C/3162/2014 ACJC/59/2015

ARRÊT

DE LA COUR DE JUSTICE

Chambre civile

du vendredi 23 janvier 2015

 

Entre

A______, p.a. B______, ______, recourant contre un jugement rendu par la 19ème Chambre du Tribunal de première instance de ce canton le 25 août 2014, comparant en personne,

et

C______, domicilié ______, ______, intimé, comparant par Me Reza Vafadar, avocat, avenue Jules-Crosnier 8, 1206 Genève, en l'étude duquel il fait élection de domicile.

 


EN FAIT

A. Par jugement du 25 août 2014, expédié pour notification aux parties le même jour, le Tribunal de première instance (ci-après : le Tribunal) a déclaré recevable l'opposition formée le 6 mars 2014 par A______ contre l'ordonnance de séquestre rendue le 19 février 2014 (ch. 1), l'a rejetée (ch. 2), a mis les frais, arrêtés à 400 fr. et compensés avec l'avance effectuée (ch. 3 et 4), à la charge du précité, condamné en outre à verser à C______ le montant de 1'500 fr. à titre de dépens (ch. 5), et a débouté les parties de toutes autres conclusions (ch. 6).

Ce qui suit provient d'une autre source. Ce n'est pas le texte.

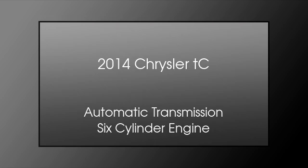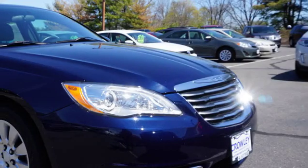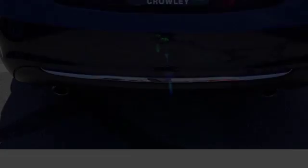This is a 2014 Chrysler TC. This car has an automatic transmission and a six-cylinder engine.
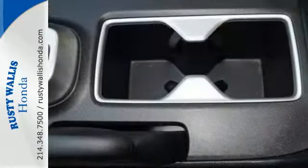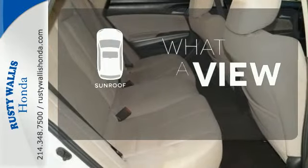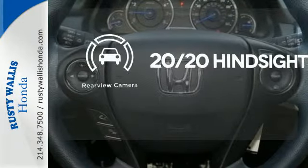It's also quite stylish, with features like dual exhaust, alloy wheels, and a power moonroof. The sunroof gives you fresh air for your drive. You might take a drive just to listen to the premium sound system. See objects previously out of sight with the rear view camera.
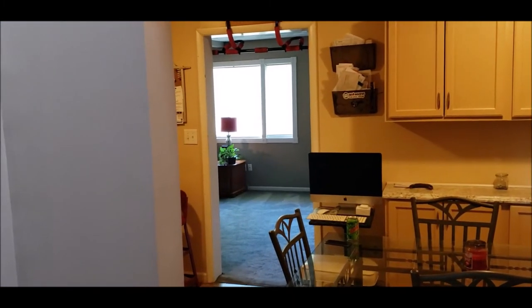A nice thing about this house is the bedroom split. You have one bedroom separate down this hallway and three more down this hallway. The kitchen is straight ahead and that leads to an additional family room with extra square footage.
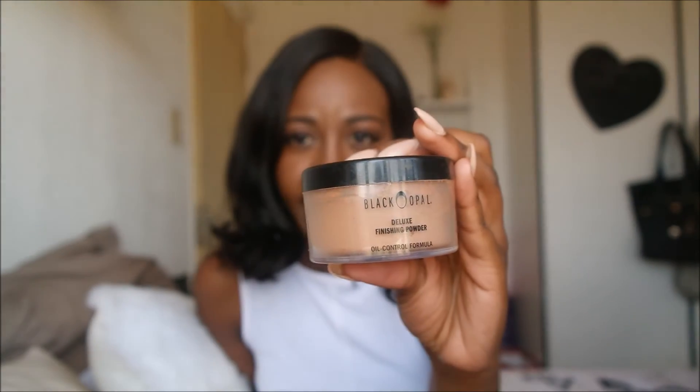I also have this Black Opal Deluxe Finishing Powder in the shade Dark — I bought this a while back but haven't had time to show you guys. I love this as a finishing powder; after applying my makeup I put this on, particularly when I'm not wearing much foundation. It gives a really nice finish and blends everything together. It's super fine — but it gets everywhere, like it flies everywhere. I basically have to do laundry now because it's gone all over.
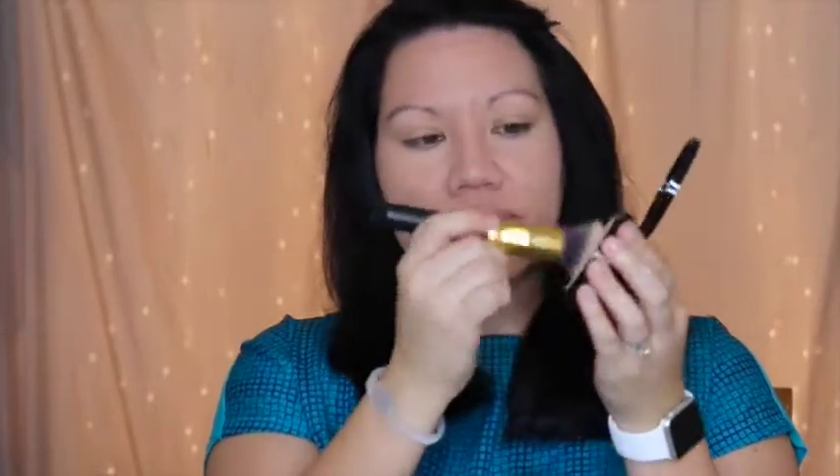Last but not least, I finished the entire look off with the Bare Skin Perfecting Veil. It's a weightless finishing powder, and I am so in love with it. It's perfect for keeping the shine away and for setting all of the makeup that you put on already.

En substance, le Tribunal, qui a notamment mentionné dans la partie en fait de son jugement la décision 1______ du 10 juin 2014 (dont il a indiqué qu'elle donnait un ordre à la Banque de 1______), a retenu que la créance de C______ était rendue vraisemblable, que l'un des objets séquestrés, à savoir une montre, devait être considéré comme appartenant à A______, ce dernier n'ayant pas rendu vraisemblable qu'elle serait propriété d'un tiers dont il ne voulait pas révéler l'identité, que les critiques du précité relatives aux conditions de l'art. 271 al. 1 ch. 3 LP étaient sans portée puisque le séquestre avait été ordonné sur la base de l'art. 271 al. 1 ch. 4 LP, et que les conditions de cette disposition étaient pour le surplus réalisées, A______ n'ayant en particulier pas produit de pièce propre à rendre vraisemblable l'existence d'un séquestre sur son immeuble à 1______.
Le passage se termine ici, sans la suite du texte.